All Diagnostic procedures and minor Operative Hysteroscopy for removal of small lesions may take between 20 to 30 minutes and are done as Day Care procedures. The patient can go home soon after the procedure, if done under local anaesthesia, or a few hours later if done under general anaesthesia. Major operative Hysteroscopic surgeries for removal of large fibroids, scars/adhesions or septum inside the uterus may take longer, about 1-2 hours. These are generally done under general anaesthesia and patient can be discharged that evening or next morning.
Q5. Will I have any discomfort after the procedure?
You are expected to have a very rapid recovery after the procedure even when major surgery for fibroids or adhesions has been performed. You can be fit to rejoin work next day after short procedures and latest by a week after major hysteroscopic surgery. You may, however, have mild cramping in low abdomen or a little discharge/spotting for few days after the procedure. If you were given general anaesthesia, you may feel a little light headed or nausea for few hours after the procedure. It may be better to have someone drive you home if you are leaving same day and not take any important decisions that day.

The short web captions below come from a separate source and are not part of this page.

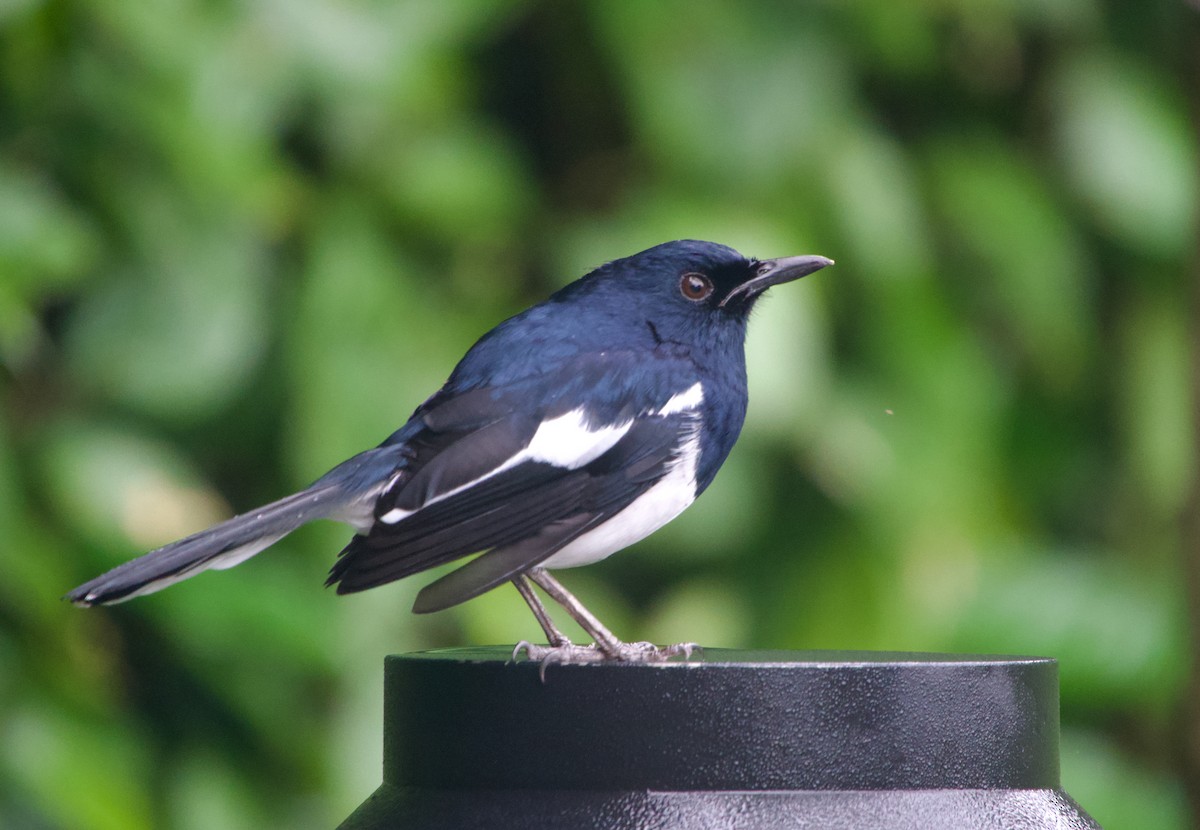 Oriental Magpie-Robin - ML646240679
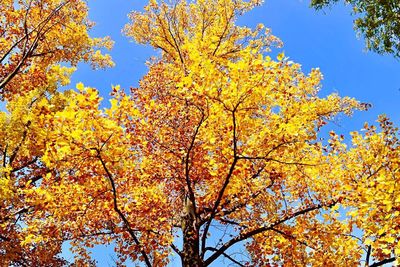 Low angle view of autumn tree against blue sky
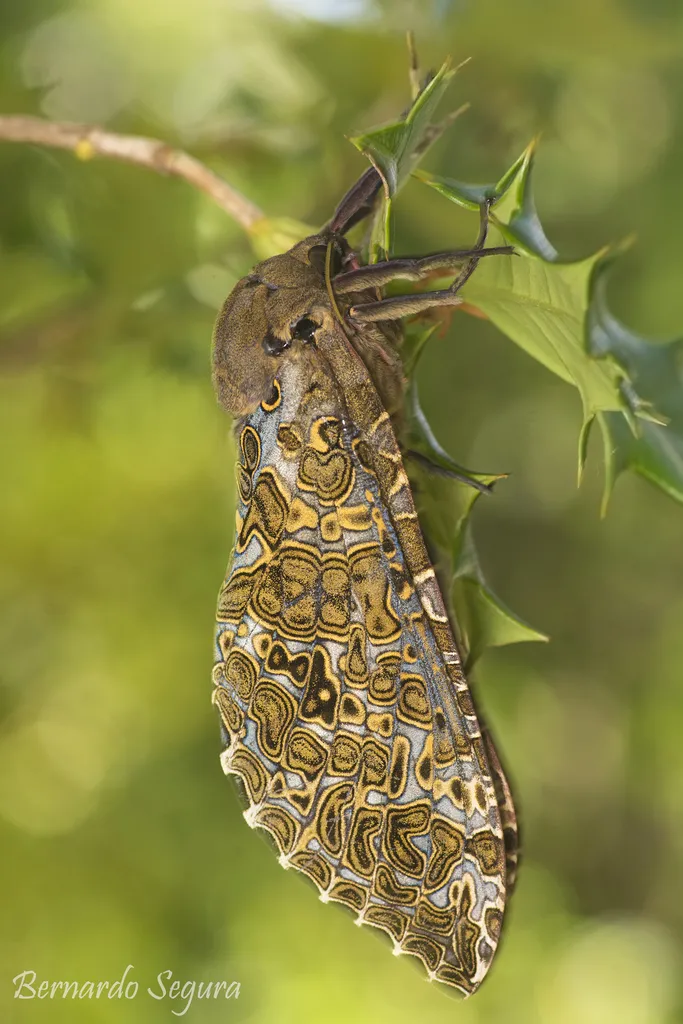 Ghost Moths - photo 2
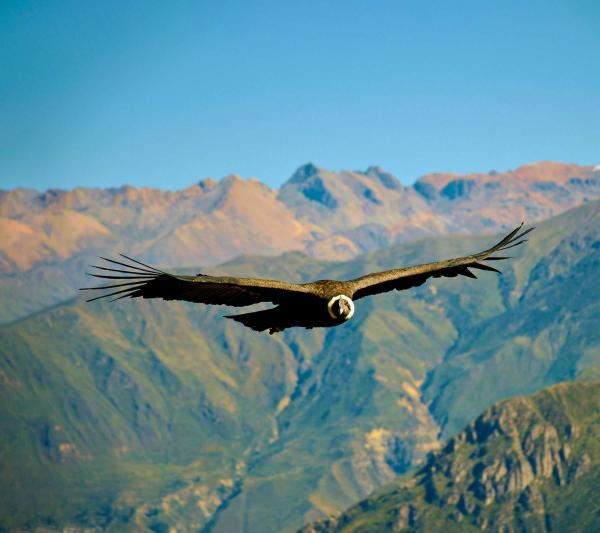 Colca Canyon Condor | Arequipa Canyon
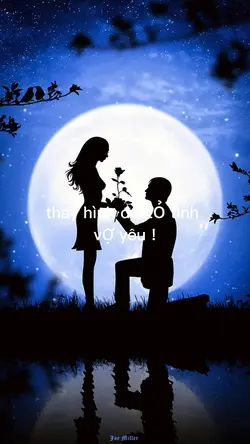 1 video + hiệu ứng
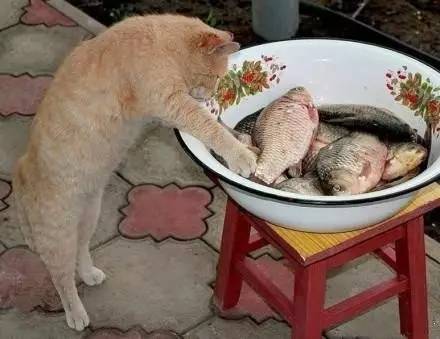 小奶猫偷鱼,心有多大,鱼就有多大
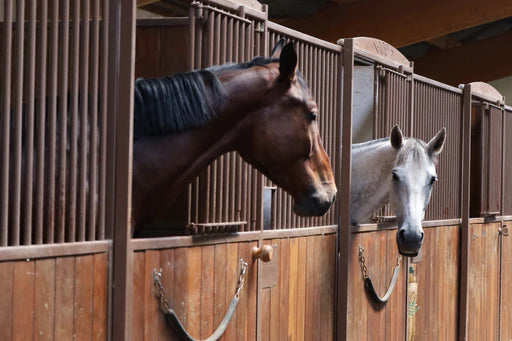 Alimentation équilibrée du cheval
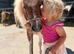 Sweet little coloured Shetland.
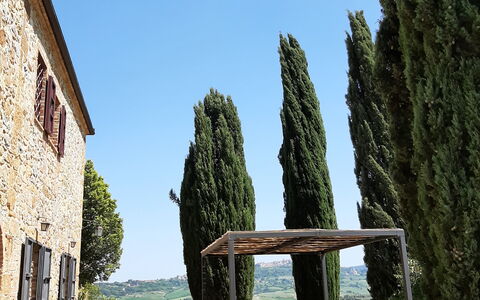 Casa Banditello: Sky, Plant, Window, Wood, Grass, Tree, Landscape, Tints And Shades, Leisure, Building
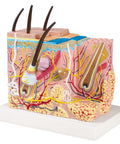 Model bloc de piele - Anatomie augmentată EZ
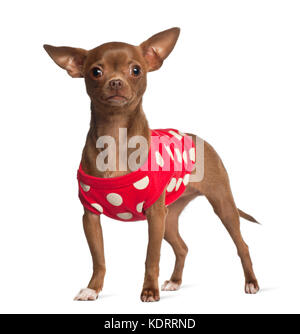 Chihuahua, 1 ans, standing against white background Banque D'Images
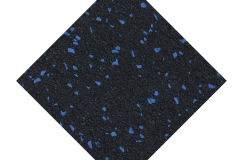 Guardian_RR_Blue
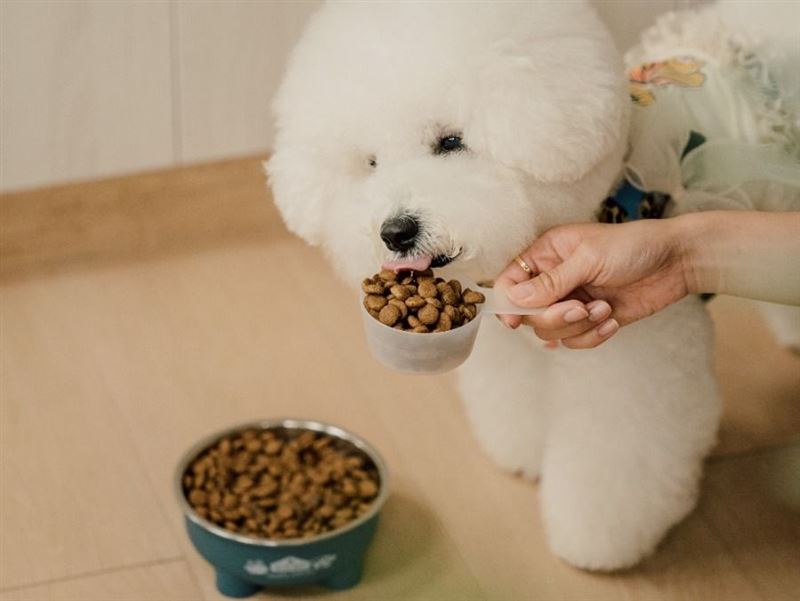 餵食不再憑感覺！透過倍力精準測量飼料勺，搭配「餵食計算機」，為毛寶貝量身控管每日所需卡路里。（圖／品牌業者提供）
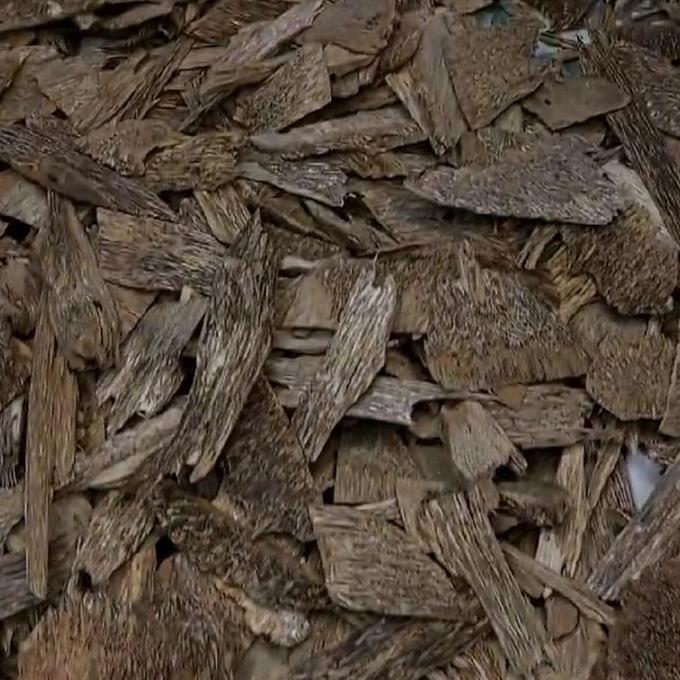Kayu Gaharu Kalimantan GKCBB01 Asli Alami Wangi Khas Natural Grade Kacangan AB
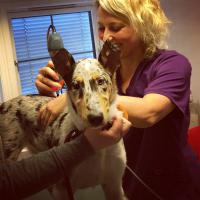 Dog laserpuncture treatment with Mphi Vet Orange | Heidi Bye Svartangen 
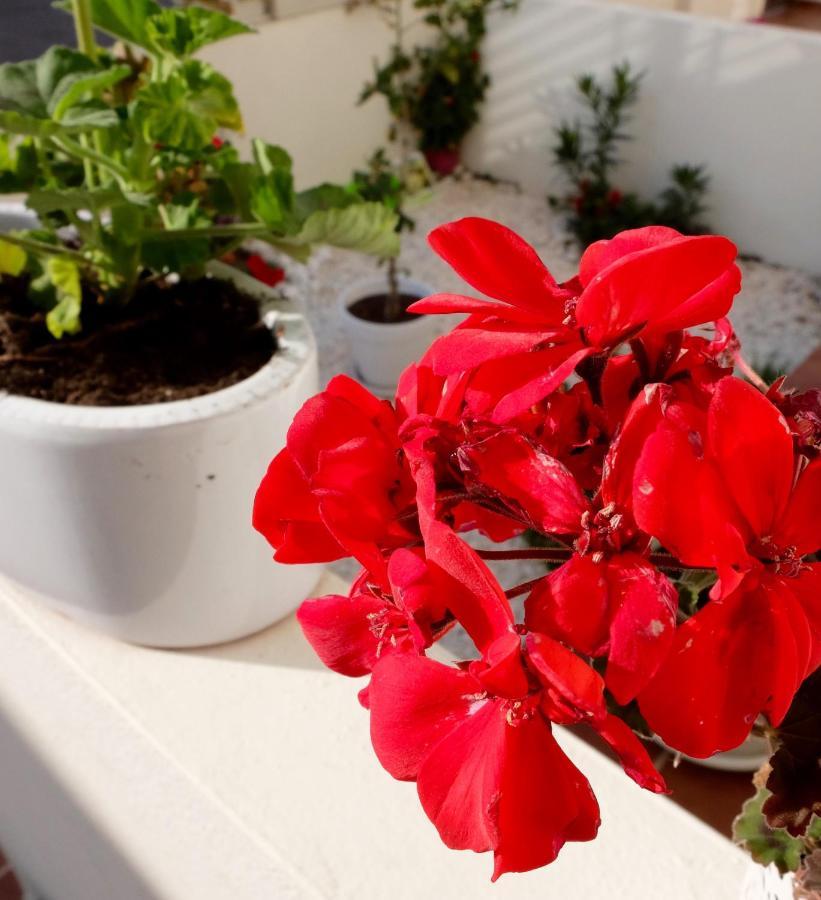 B&B Casa Louisa, Torre Del Mar- Valleniza ベレス エクステリア 写真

Q6. What about risks and complications of Hysteroscopy?
Hysteroscopy is a very safe procedure, considering that every surgical procedure carries some risks due to surgery or the anaesthesia used. The risks with hysteroscopy are mostly minor in nature because any surgery done is under vision. These occur in not more than 2% of procedures and often resolve by simple measures. There can be puncture of the uterus or cervix by the hysteroscope or the tiny operating instruments used; there may be fluid retention in body, bleeding or infections. Serious complications are rare and are further decreased by use of better systems of electro-cautery. The complication rates are also dependant on the training and expertise of the operator.
Q7. Why is Hysteroscopic surgery better than any other surgery?
Hysteroscopic surgery is for problems inside the cavity of the uterus. For this there can be no other better way than the hysteroscope to see and operate under direct view. It is more accurate, faster and safer, lesser anaesthesia requirement, lesser infections and complication rates and with very rapid recovery and return to normal activity since no cut or incision is made on the abdomen. The natural passage from the vagina is used to enter the uterus. Bleeding is much less and can be easily controlled by touching the cautery instrument to the bleeding point which is clearly visible. Hysteroscopy, however, cannot be used to remove tumours from inside the walls of the uterus or from outside the uterus. That is its limitation.